> _How to complete this task_
Look through the entries below and copy exactly the part that begins with the line containing "Coque en aluminium" and ends with the line containing "A front and". Do not copy the pictures.

> _Data in this exercise_
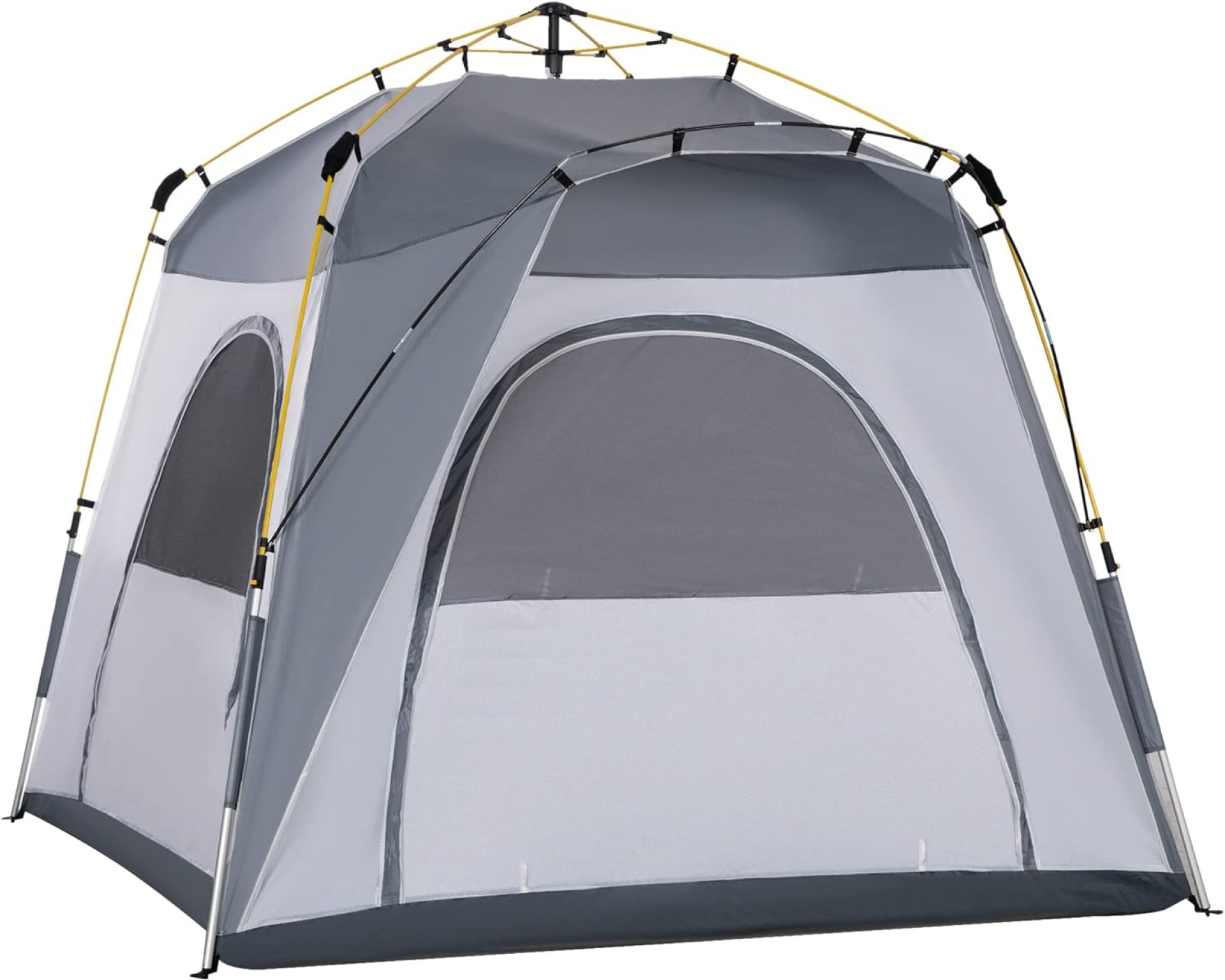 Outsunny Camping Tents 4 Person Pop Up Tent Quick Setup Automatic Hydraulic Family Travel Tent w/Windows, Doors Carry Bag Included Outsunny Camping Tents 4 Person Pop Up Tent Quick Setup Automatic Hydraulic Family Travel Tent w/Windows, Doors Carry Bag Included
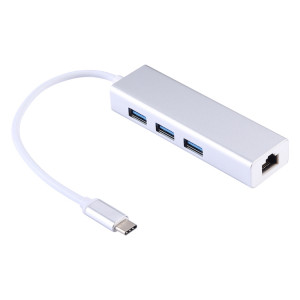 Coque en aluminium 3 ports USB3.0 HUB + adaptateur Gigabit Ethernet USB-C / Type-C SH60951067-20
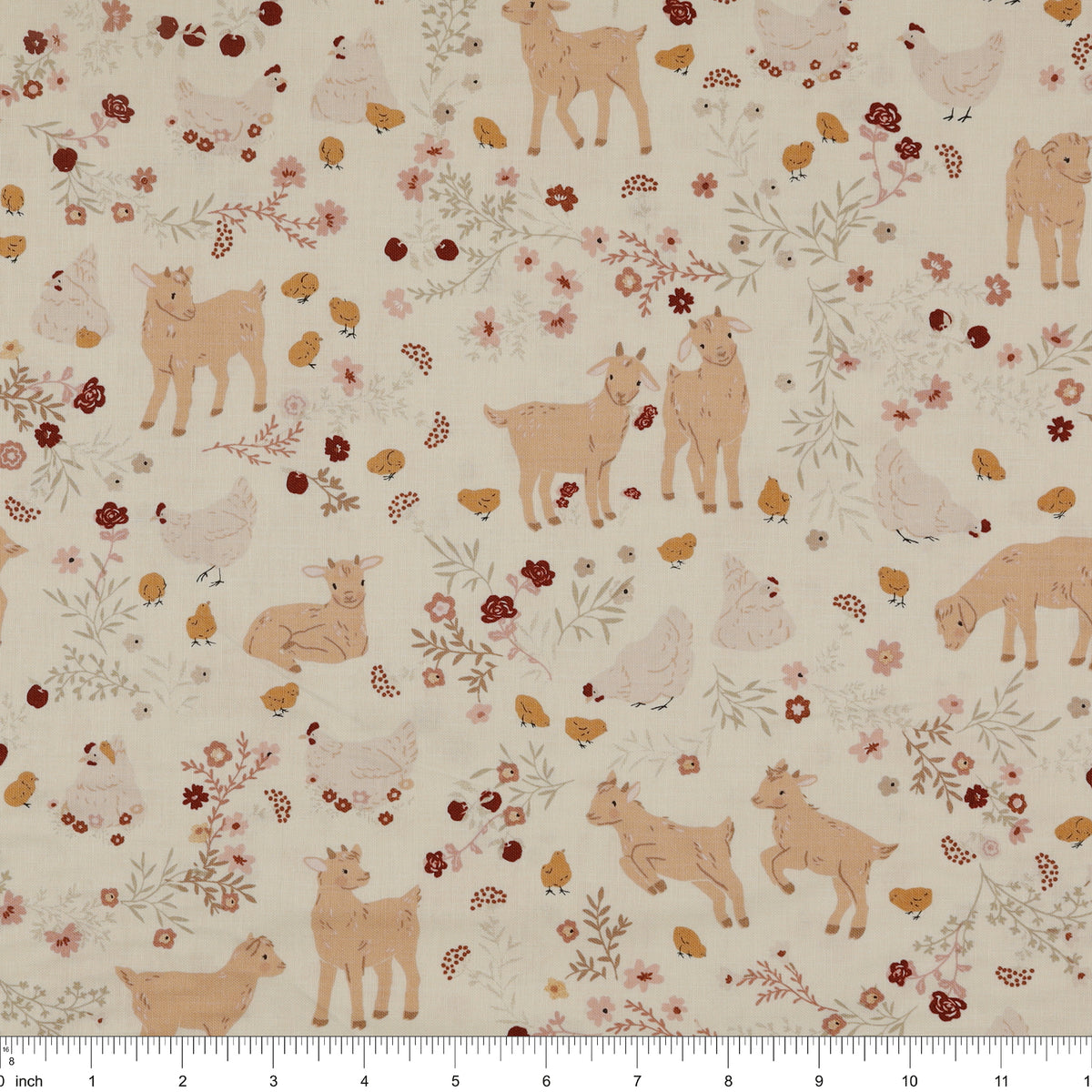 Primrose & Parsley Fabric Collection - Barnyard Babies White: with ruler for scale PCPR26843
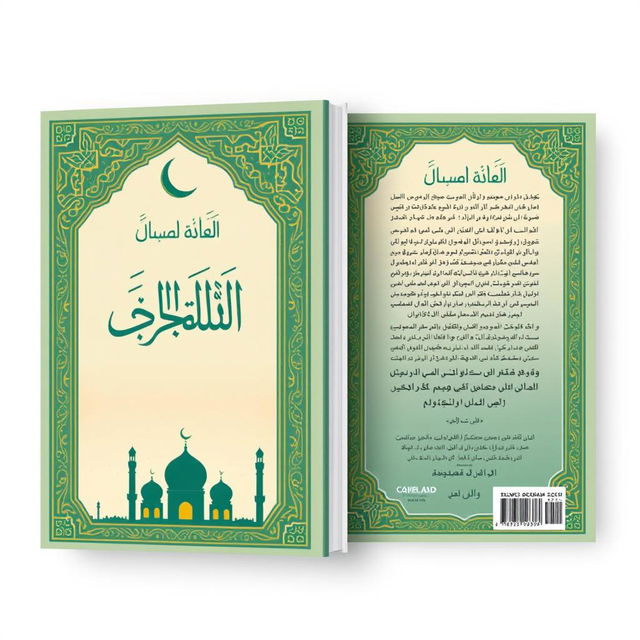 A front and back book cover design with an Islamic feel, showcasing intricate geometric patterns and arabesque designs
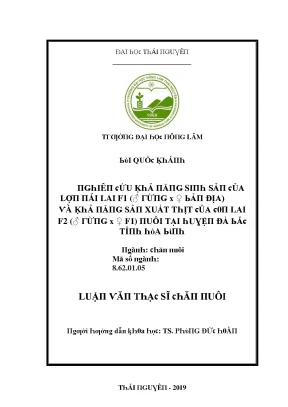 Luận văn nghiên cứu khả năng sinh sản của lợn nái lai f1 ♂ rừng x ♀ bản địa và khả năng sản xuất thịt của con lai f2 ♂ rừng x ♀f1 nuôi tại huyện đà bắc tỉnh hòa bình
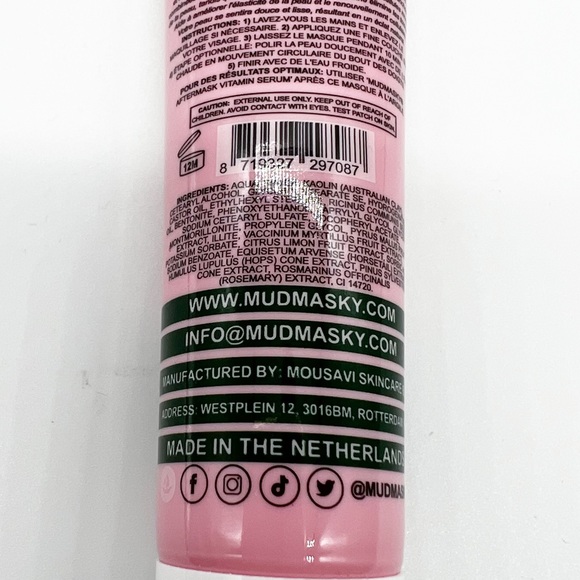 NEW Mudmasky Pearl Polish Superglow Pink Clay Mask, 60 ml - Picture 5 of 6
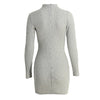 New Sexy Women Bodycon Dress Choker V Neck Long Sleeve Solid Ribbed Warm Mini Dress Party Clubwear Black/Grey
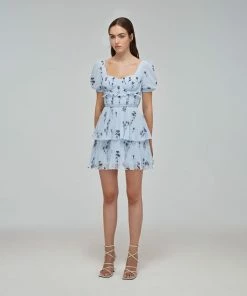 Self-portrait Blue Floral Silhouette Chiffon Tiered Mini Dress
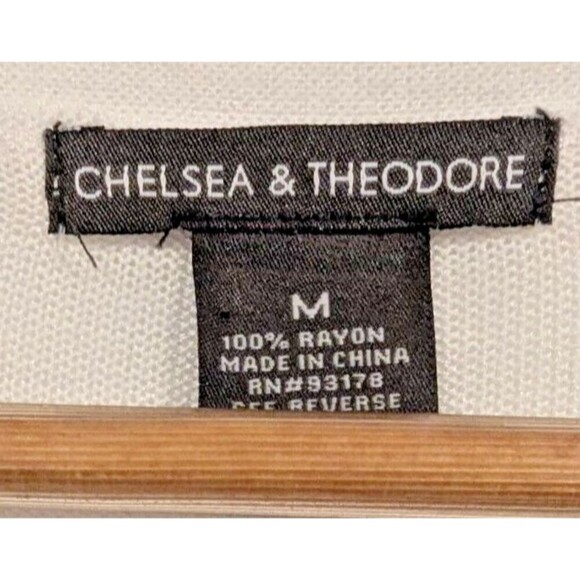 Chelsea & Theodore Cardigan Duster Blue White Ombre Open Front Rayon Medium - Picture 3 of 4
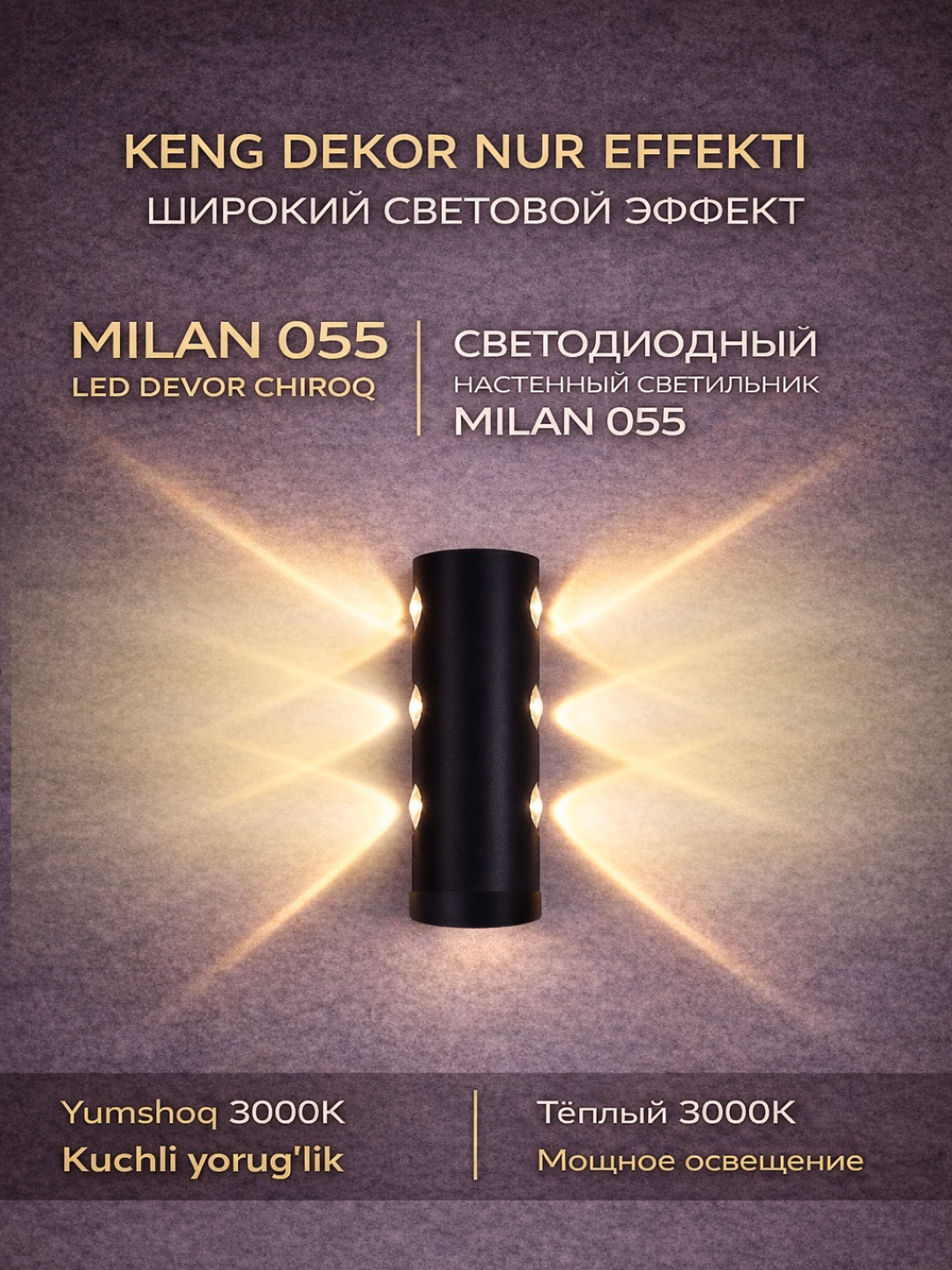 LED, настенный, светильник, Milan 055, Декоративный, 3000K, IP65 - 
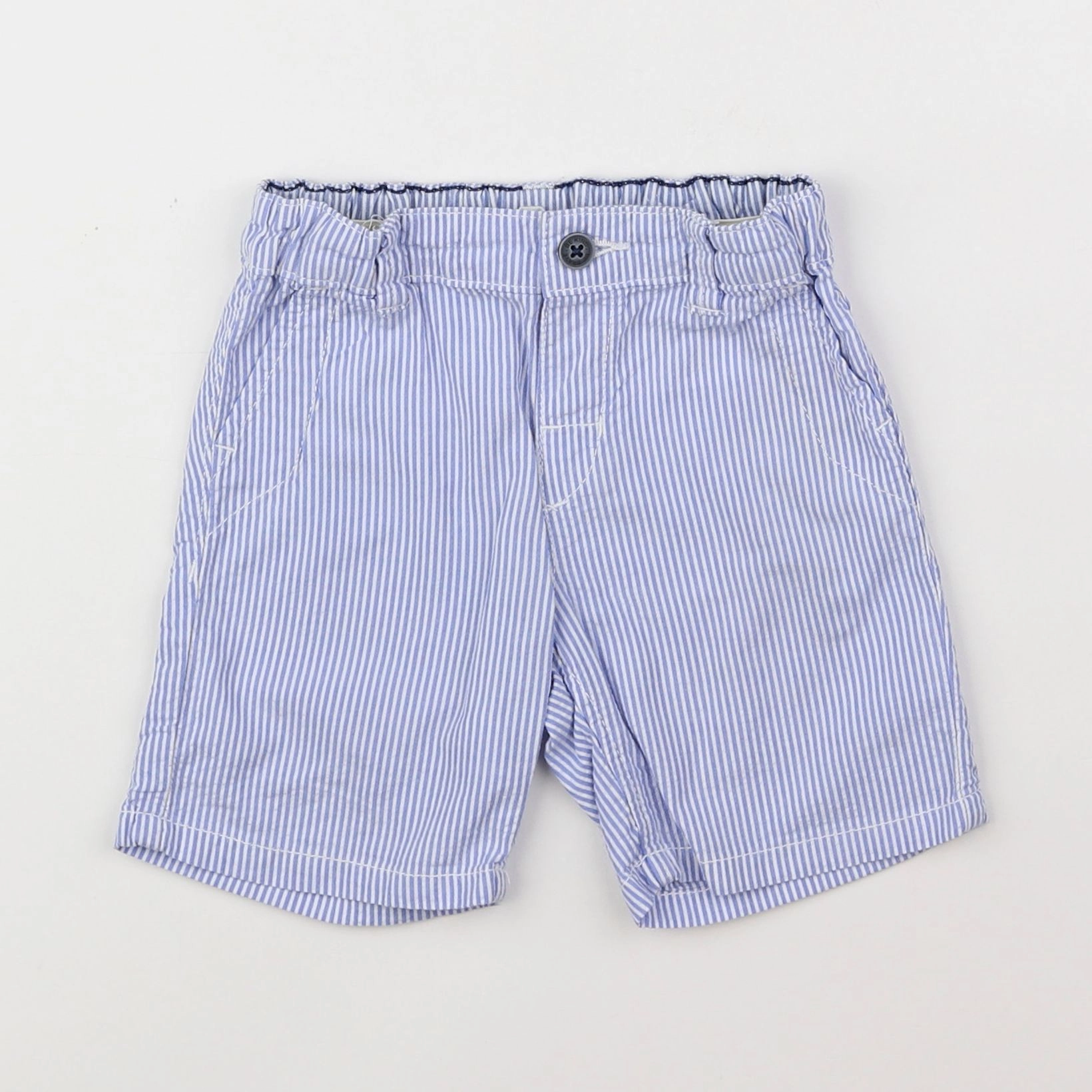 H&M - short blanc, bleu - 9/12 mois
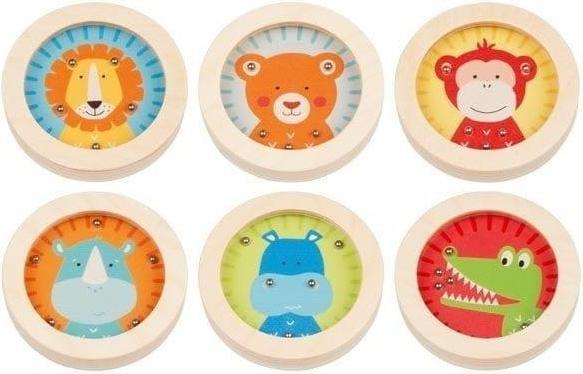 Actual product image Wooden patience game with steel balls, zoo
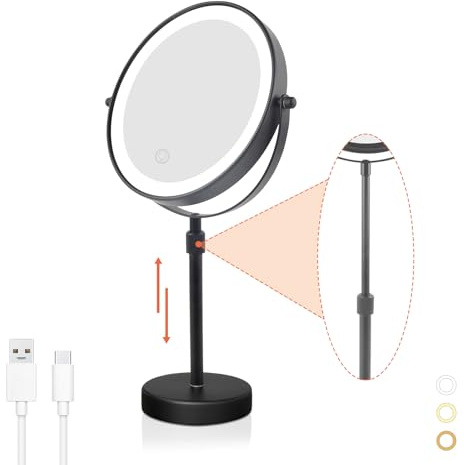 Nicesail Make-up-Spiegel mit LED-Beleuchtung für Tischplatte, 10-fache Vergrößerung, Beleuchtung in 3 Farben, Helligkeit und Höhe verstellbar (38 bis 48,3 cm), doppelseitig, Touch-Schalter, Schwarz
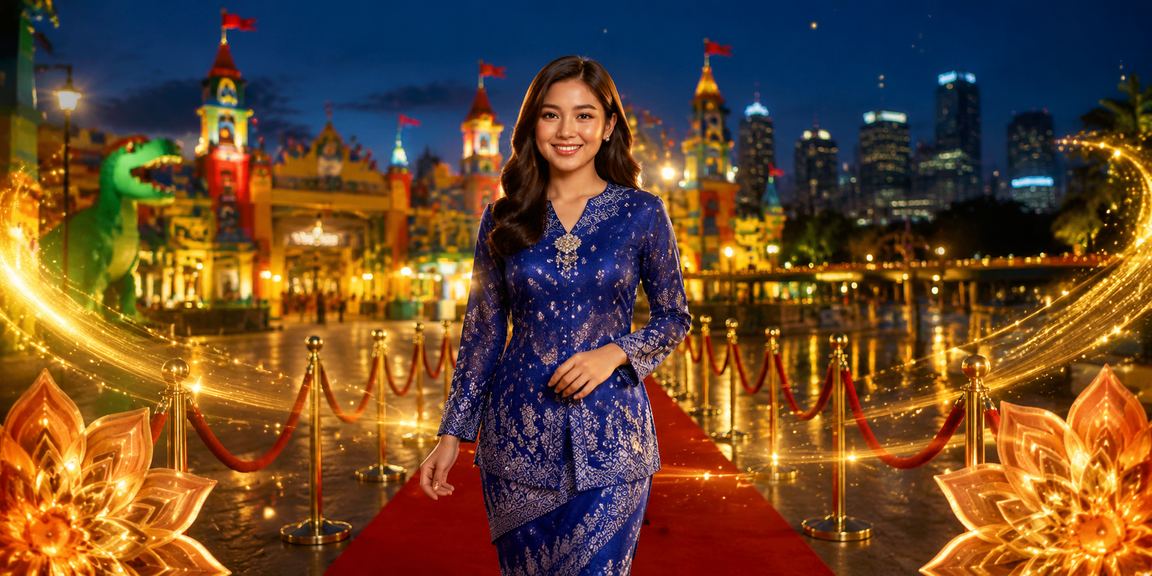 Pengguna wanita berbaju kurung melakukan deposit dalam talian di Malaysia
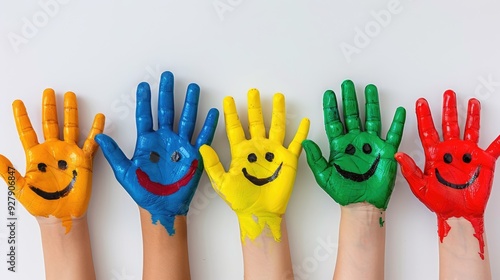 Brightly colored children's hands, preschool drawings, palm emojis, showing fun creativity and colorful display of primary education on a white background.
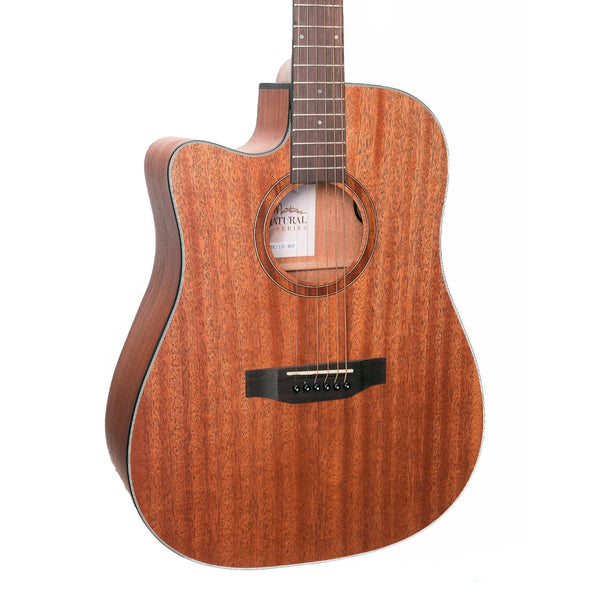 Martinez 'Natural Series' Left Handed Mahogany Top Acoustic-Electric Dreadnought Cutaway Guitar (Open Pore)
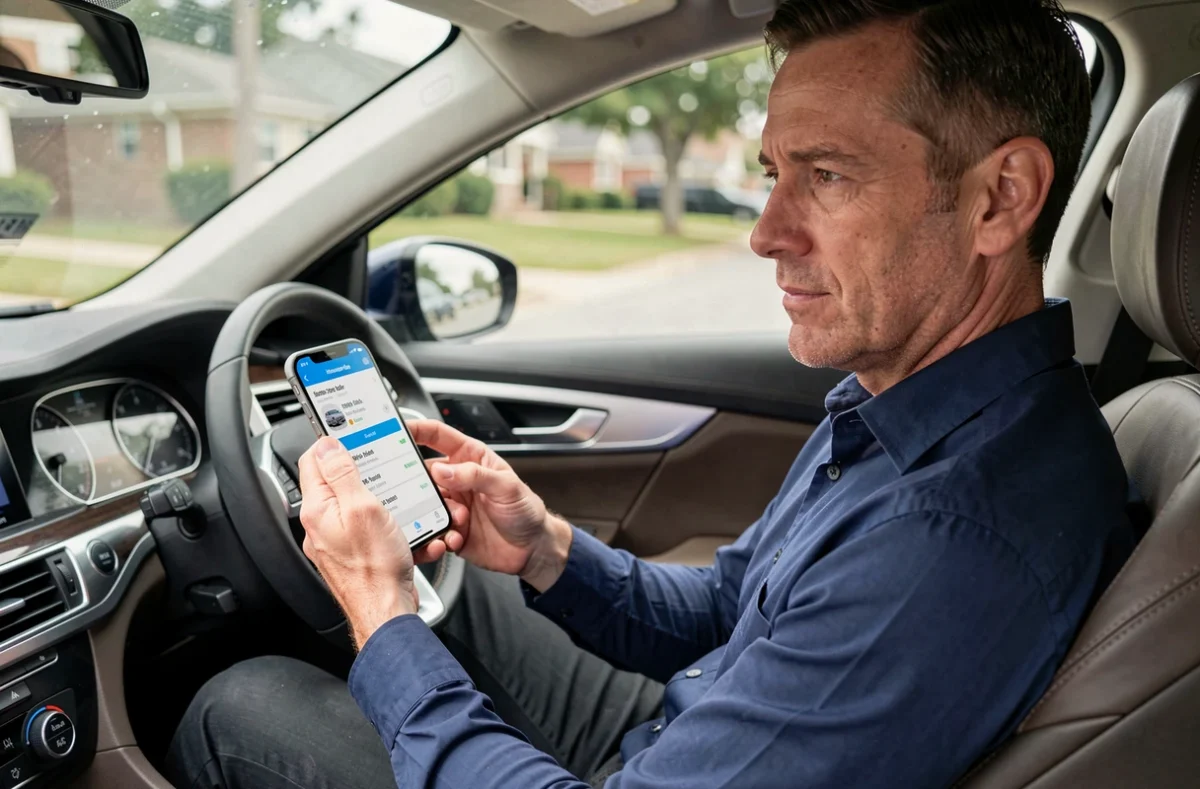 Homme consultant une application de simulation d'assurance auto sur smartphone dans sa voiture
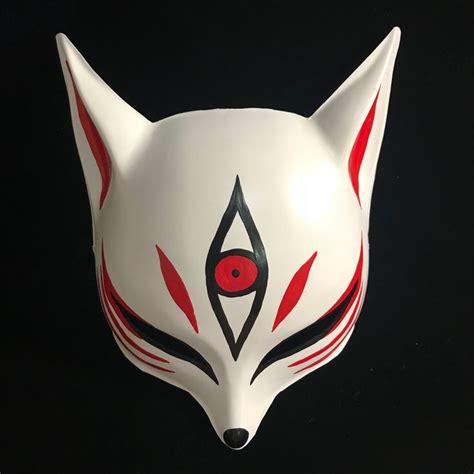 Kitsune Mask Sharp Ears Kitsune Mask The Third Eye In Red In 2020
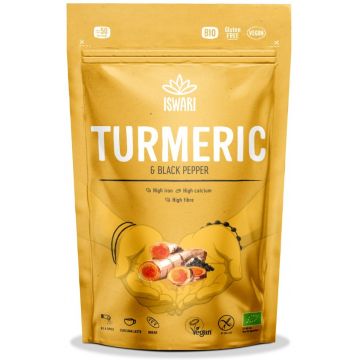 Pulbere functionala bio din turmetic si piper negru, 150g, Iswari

> _Written answer_
 Coque en aluminium 3 ports USB3.0 HUB + adaptateur Gigabit Ethernet USB-C / Type-C SH60951067-20
 Primrose & Parsley Fabric Collection - Barnyard Babies White: with ruler for scale PCPR26843
 A front and back book cover design with an Islamic feel, showcasing intricate geometric patterns and arabesque designs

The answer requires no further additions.